The expression of IL-8 in human HCC has more relevance to metastasis than to angiogenesis or cell proliferation. The expression of IL-8 did not significantly correlate with micro-vessel count in HCC tissues, but the incidence of microscopic vessel invasion was significantly higher in IL-8-positive than in IL-8-negative tissues. In this study, we found decreases in the expression of IL-8 binding protein which leads to the increase in the expression of IL-8. More IL-8 was expressed in HCCs at pathologic stage III/IV than in those at stage I/II [33].

A novel human malignancy-associated gene (MAG) expressed in various malignant tumors including glioblastomas and HCCs and in tumor pre-existing conditions such as hepatitis C virus- and hepatitis B virus-induced liver cirrhosis. This novel gene may play a role in the progression of premalignant conditions and in the development of HCC and other cancers [34].

The twenty-one genes, which showed significant differences between HCV-associated HCC with and without cirrhosis (figure 2 and 3), reveal a unique phenomenon in Egyptian cases and provide new focal points for cancer research.

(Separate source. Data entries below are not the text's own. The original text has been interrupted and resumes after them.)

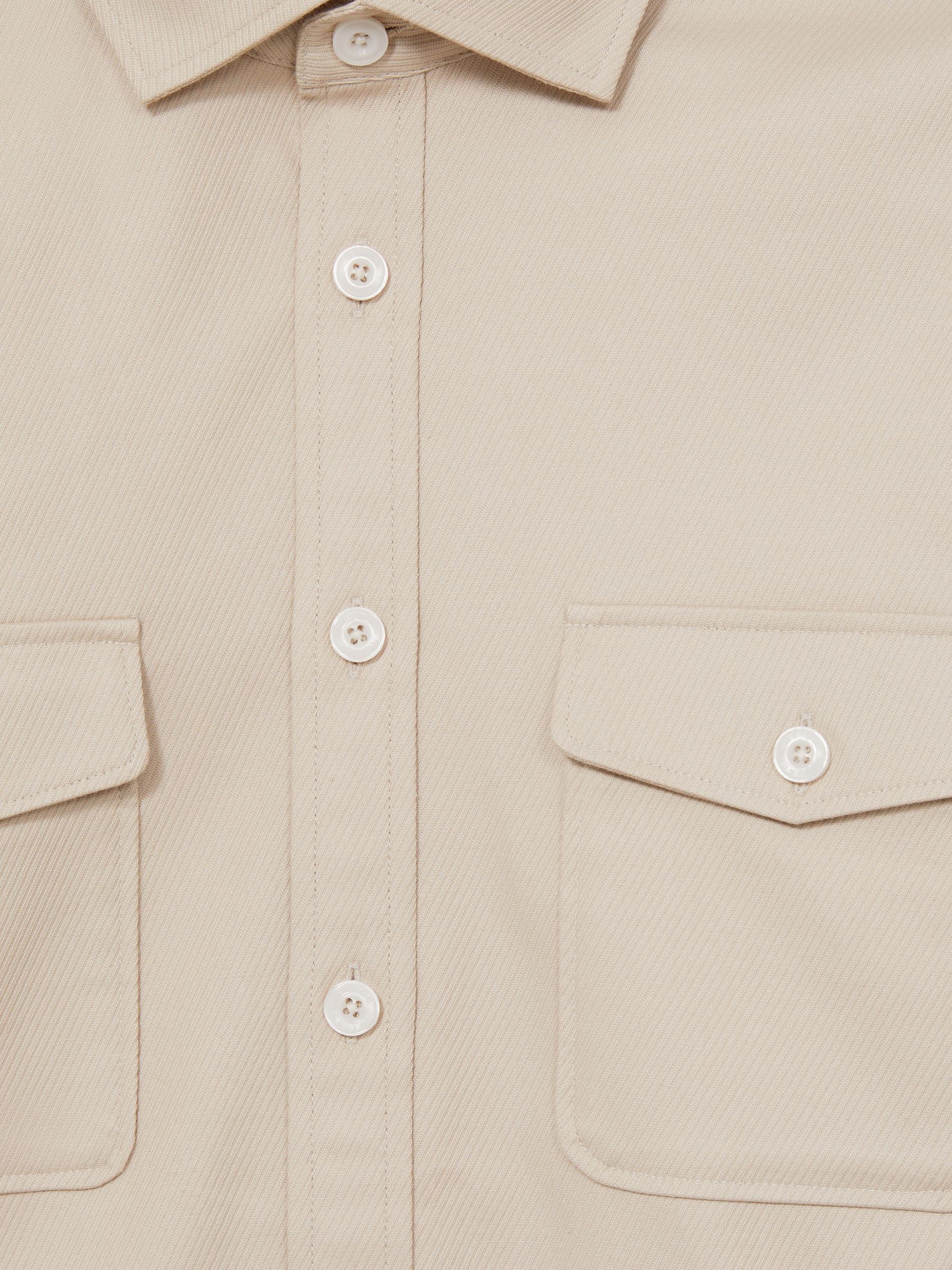 Reiss Stretch-Cotton Twill Twin-Pocket Overshirt in Stone | REISS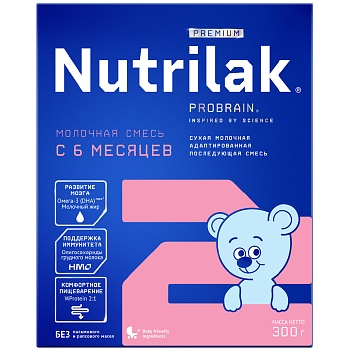СМЕСЬ МОЛОЧНАЯ NUTRILAK (НУТРИЛАК) PREMIUM №2 C 6 ДО 12 МЕС 300ГР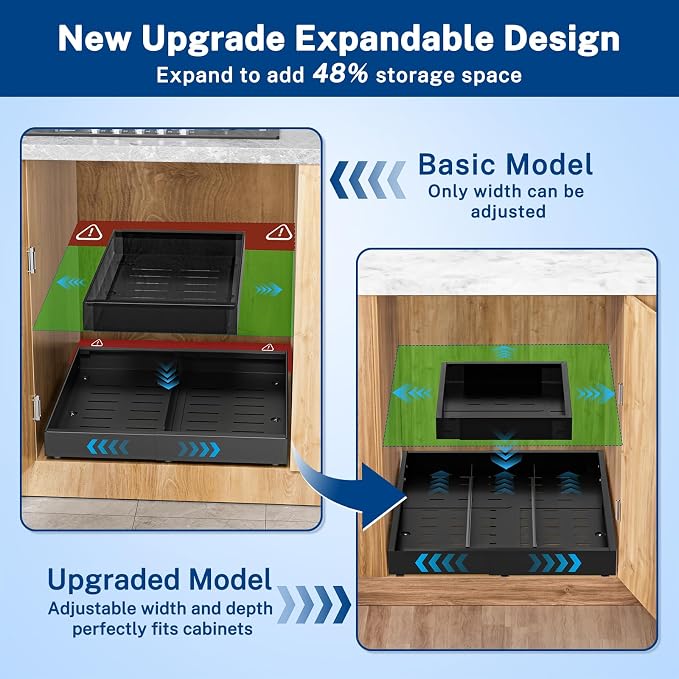 Insputer Pull Out Cabinet Organizer ExpandableW &D, Slide Out Drawers - Image 2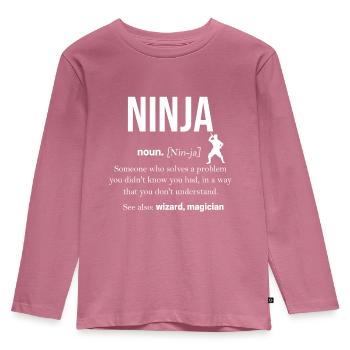 Ninja - T-shirt manches longues Premium Enfant - mauve - Devant - AI Model Kid Female (0cm)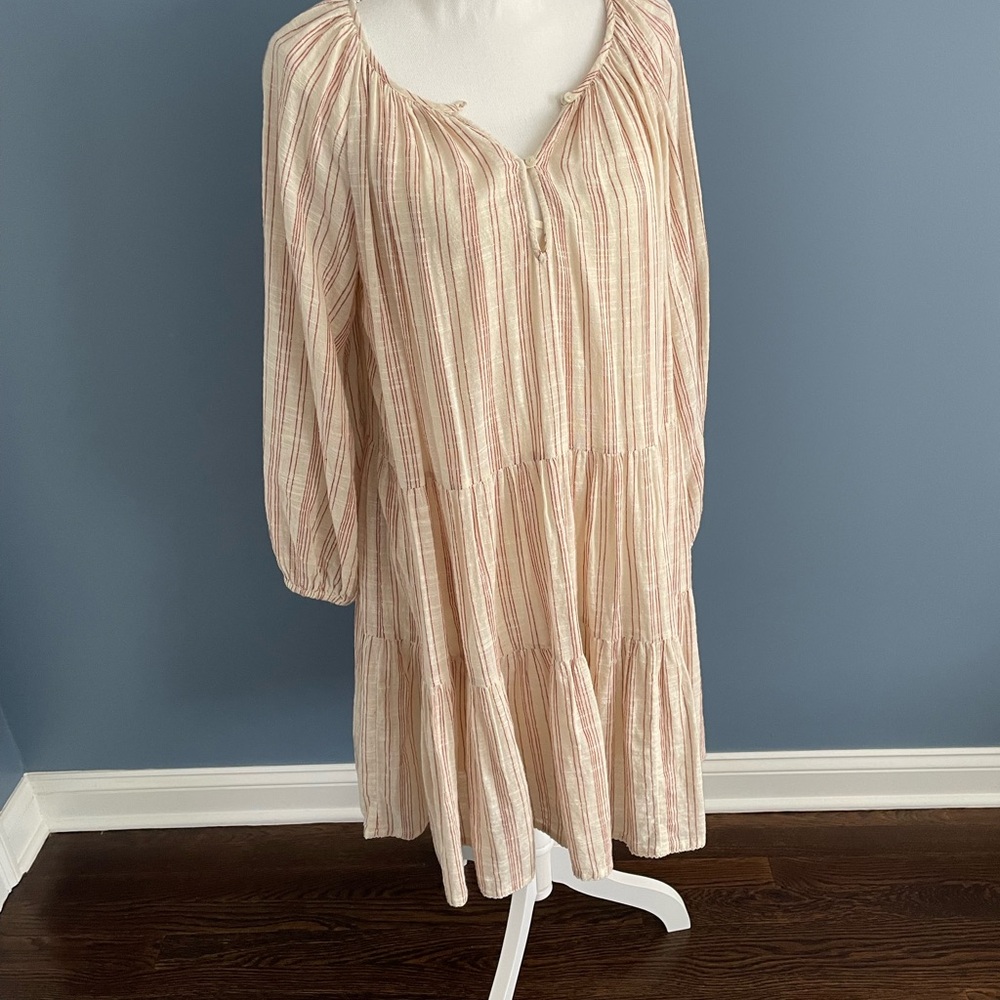 The Great Striped Cotton Midi Dress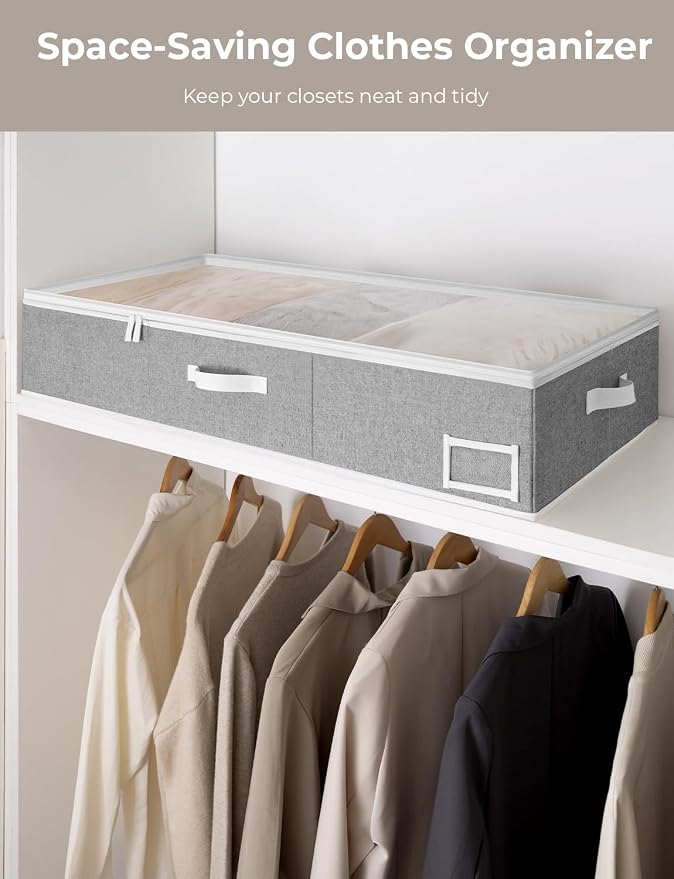 StorageWorks Extra Large Under Bed Storage Containers with Handles and Label Holder, 2 Pack Ultra-thick Fabric Underbed Bins, Closet Organizer for Clothes, Blankets, Sweater - Image 7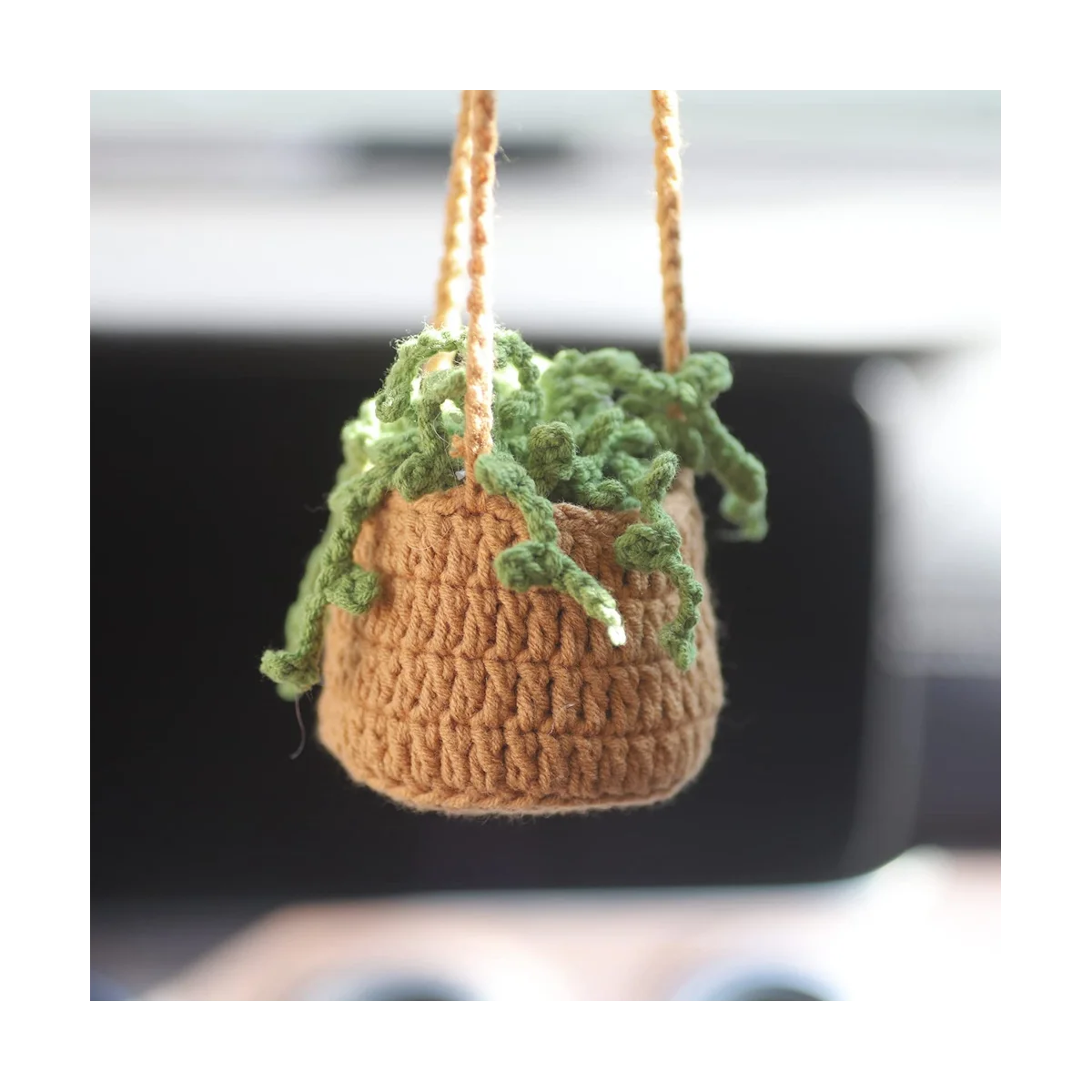 Car Plant Ornament Car Decorative Rearview Mirror Pendant Cute Car Mirror Ornament Knitted Rearview Mirror Ornament B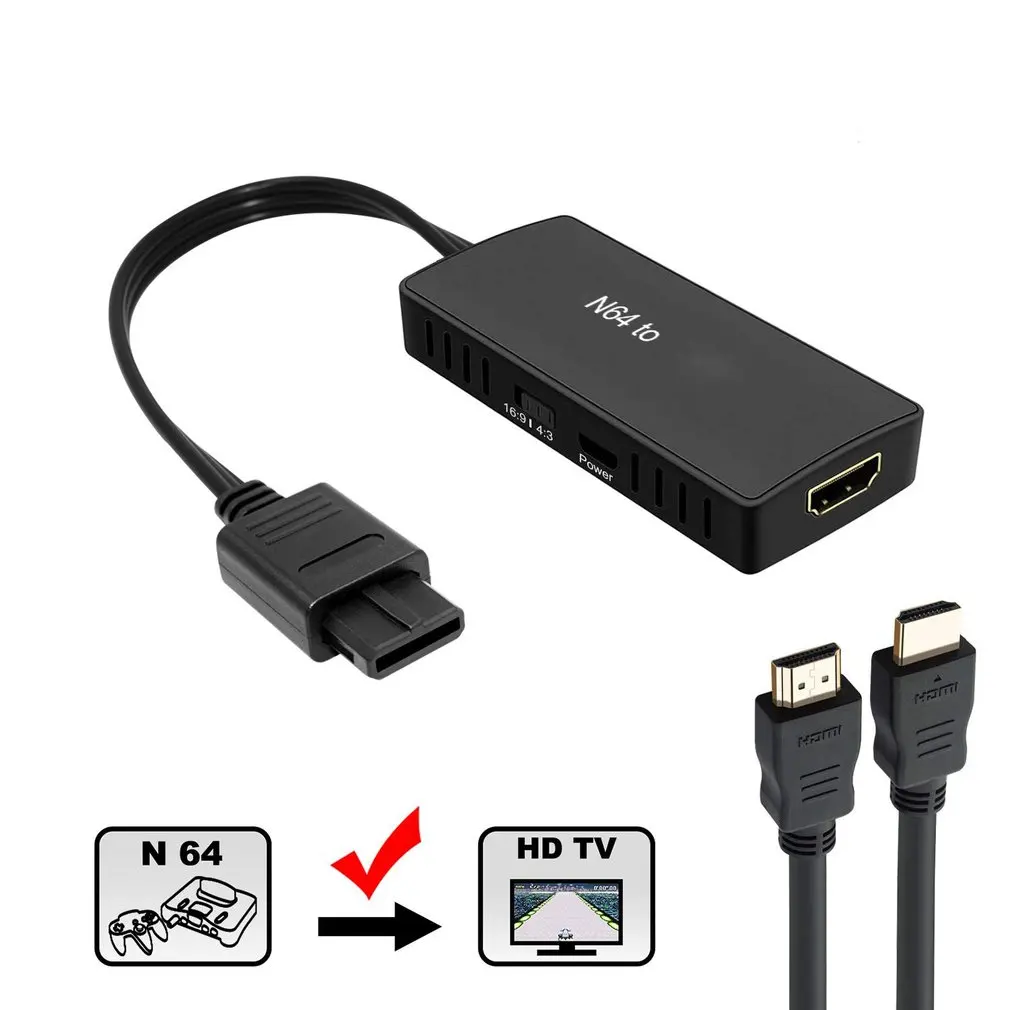 

N64 To HDMI-compatible Original To HDMI-compatible Converter Support 1080P Plug And Play Sturdy Adapter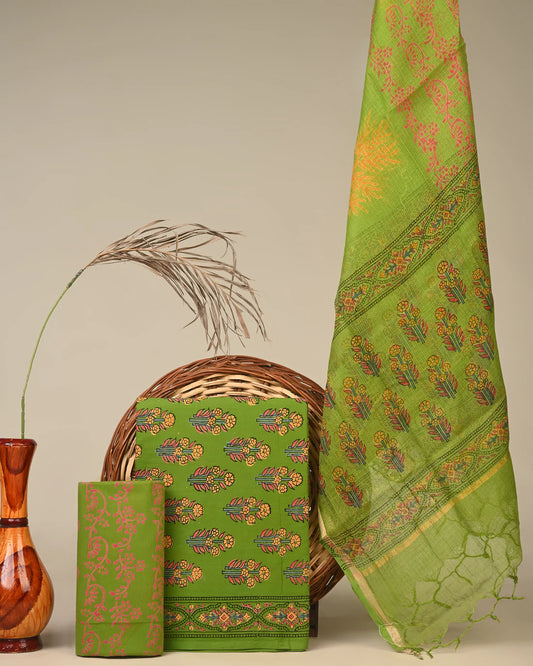 Green and Goldne Cotton Suit With Kota Doriya Dupatta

We conclude that the up-regulated genes identified through the studied expression profiles of Egyptian HCC may shed light on the mechanisms of hepatic carcinogenesis.

To confirm our results, we checked several tumor-expressing genes to elucidate whether the identified genes correlate with previous published literature and to define a logical relation between the genes and hepatocarcinogenesis. We identified numerous genes that have previously been associated with liver carcinoma or other types of cancer [35, 36].